START SUPPLIED MATERIAL

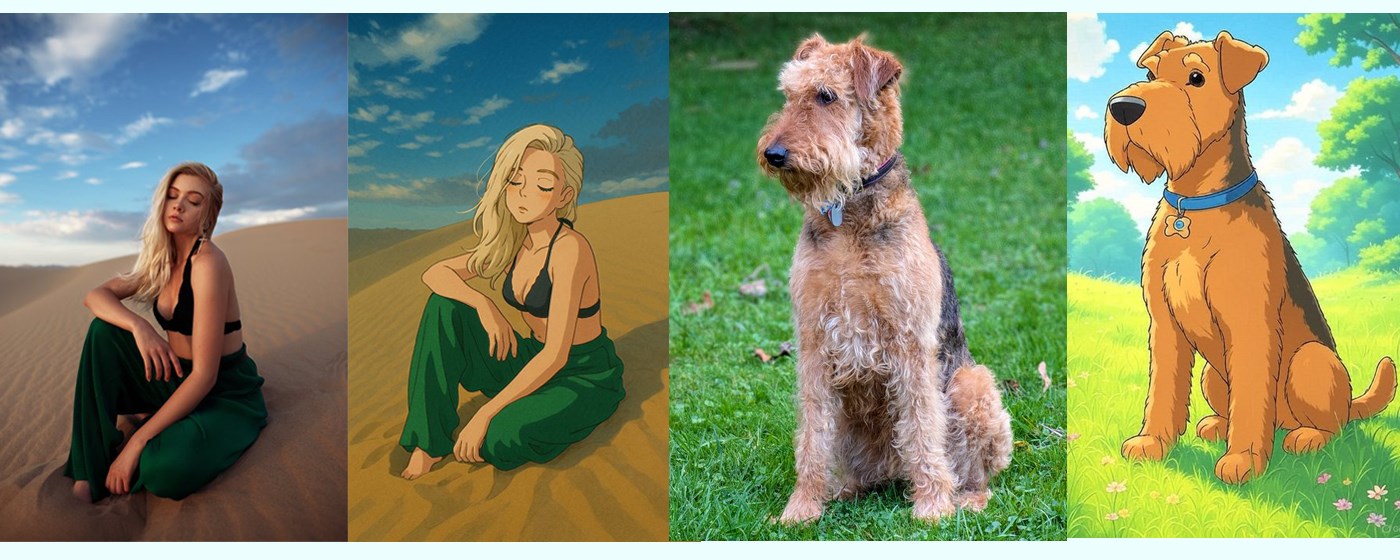 Ghibli Style Image Generator: Hand-Painted Ghibli Filters & Textures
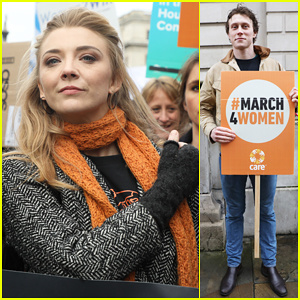 Natalie Dormer mierzy się z różnicą w wynagrodzeniach kobiet i mężczyzn podczas marszu z okazji Międzynarodowego Dnia Kobiet w Londynie! | Emeli Sande, George Mackay, Natalie Dormer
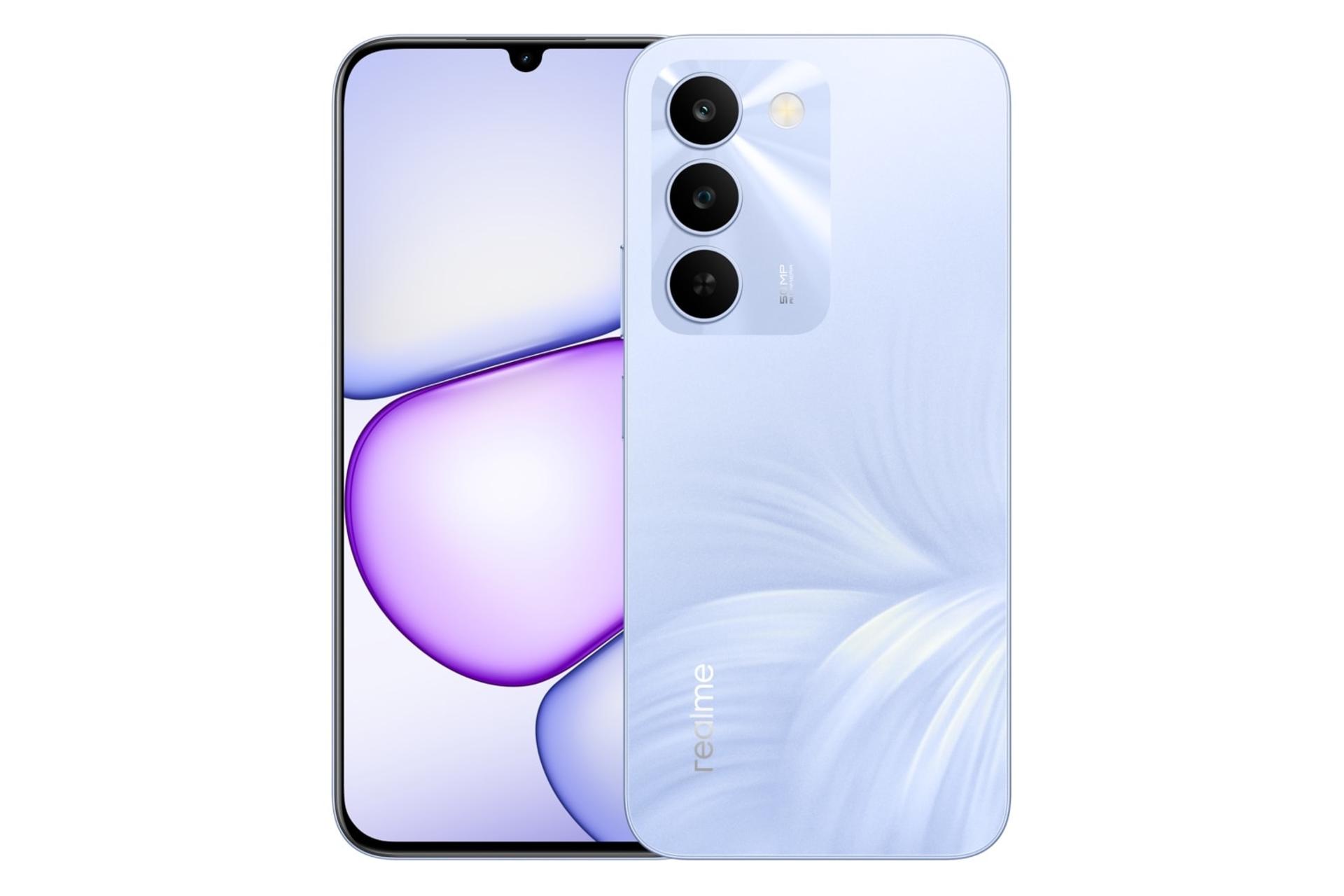 پنل جلو و پشت گوشی موبایل ریلمی Realme C100 5G ارغوانی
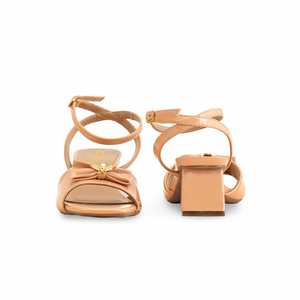 Sandalias formal de tacón beige para mujer FR5316 - Product Image 2
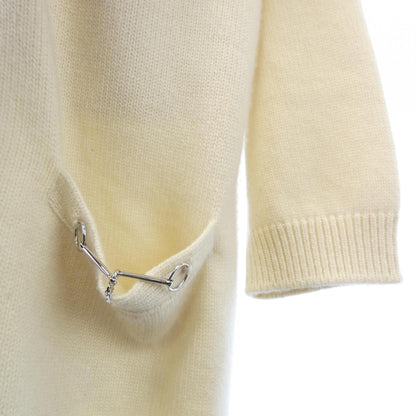 エルメス MORS A JOUET36 カシミヤ ロングカーディガン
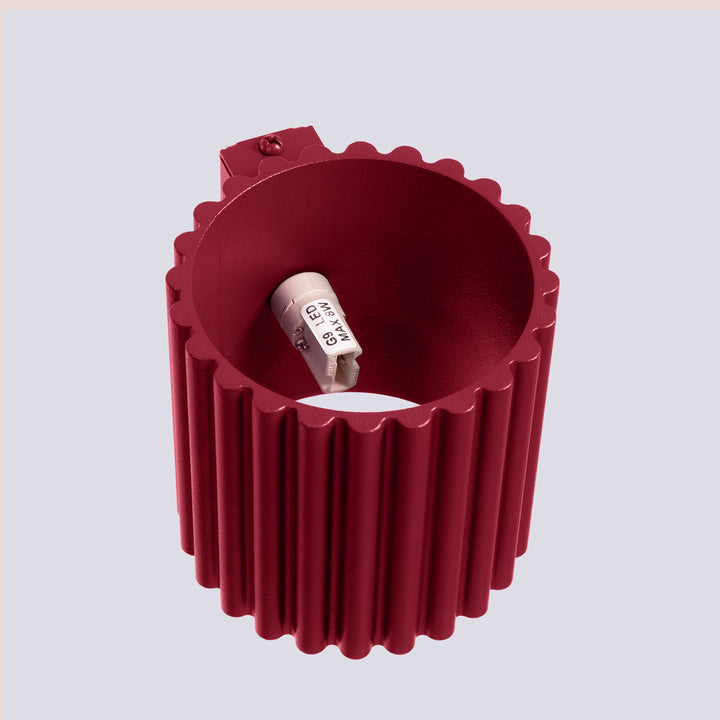 Lampa de perete AURA burgundy G9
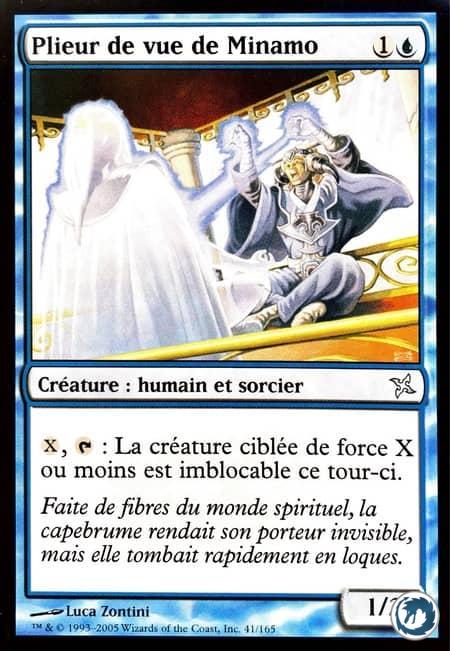 Plieur de vue de Minamo (41/165) - Minamo Sightbender (41/165) - Traîtres de Kamigawa - Carte Magic The Gathering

END SUPPLIED MATERIAL

* **WHAT THE TASK REQUIRES**:
When you print the entries, keep every line exactly as it is and drop the pictures.

* **TASK SOLUTION**:
 Ghibli Style Image Generator: Hand-Painted Ghibli Filters & Textures
 Natalie Dormer mierzy się z różnicą w wynagrodzeniach kobiet i mężczyzn podczas marszu z okazji Międzynarodowego Dnia Kobiet w Londynie! | Emeli Sande, George Mackay, Natalie Dormer
 پنل جلو و پشت گوشی موبایل ریلمی Realme C100 5G ارغوانی
 Sandalias formal de tacón beige para mujer FR5316 - Product Image 2
 エルメス MORS A JOUET36 カシミヤ ロングカーディガン
 Lampa de perete AURA burgundy G9
 Plieur de vue de Minamo (41/165) - Minamo Sightbender (41/165) - Traîtres de Kamigawa - Carte Magic The Gathering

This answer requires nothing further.